Les critiques de la proposition devraient toutefois soulever des préoccupations concernant le rythme et l’ampleur des augmentations. Les représentants de l’industrie ont précédemment soutenu que des augmentations fiscales abruptes peuvent alimenter le commerce illicite, car les consommateurs recherchent des alternatives moins chères en dehors des marchés réglementés. Certains États membres aux prix du tabac historiquement bas pourraient également s’opposer au rythme de l’harmonisation, compte tenu des perturbations économiques et sociales que les augmentations rapides de prix peuvent causer dans les régions à revenus plus faibles.
La proposition soulève également des questions sur la cohérence juridique dans le bloc. Parce que les niveaux de droits d’accise varient actuellement considérablement d’un État membre à l’autre, une harmonisation significative vers le haut nécessiterait un calibrage minutieux pour éviter des impacts disproportionnés sur les pays où les taxes sur le tabac restent bien en dessous des nouveaux minimums proposés. Les négociations entre États membres au Conseil risquent d’être prolongées, les ministères des finances et les autorités sanitaires devant peser sur la question.

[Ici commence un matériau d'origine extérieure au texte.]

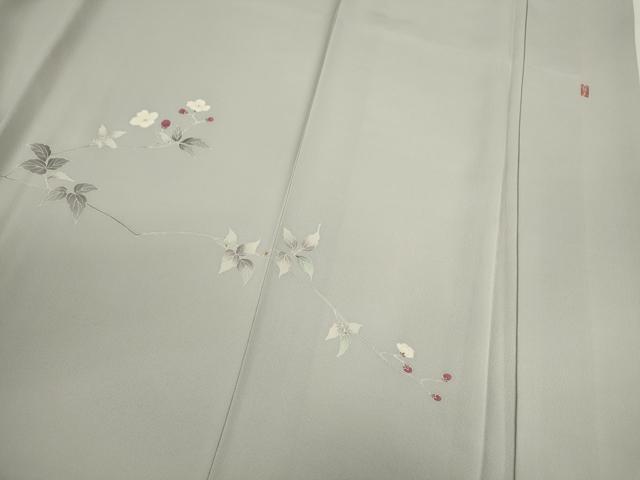 平和屋着物●訪問着 友禅 作家物 枝花文 正絹 逸品 CABJ2513ze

La directive révisée sur la fiscalité du tabac s’inscrit dans un contexte plus large d’activité réglementaire de l’UE ciblant les risques sanitaires liés au mode de vie, aux côtés des débats en cours sur la fiscalité de l’alcool et l’étiquetage des denrées alimentaires. Le fait que la proposition avance rapidement dépendra en partie de l’appétit politique de la Commission actuelle et de la volonté des États membres de s’aligner sur un plancher budgétaire commun. Pour l’instant, le projet représente la tentative la plus ambitieuse en plusieurs années d’utiliser la politique fiscale comme levier de santé publique dans le marché unique européen.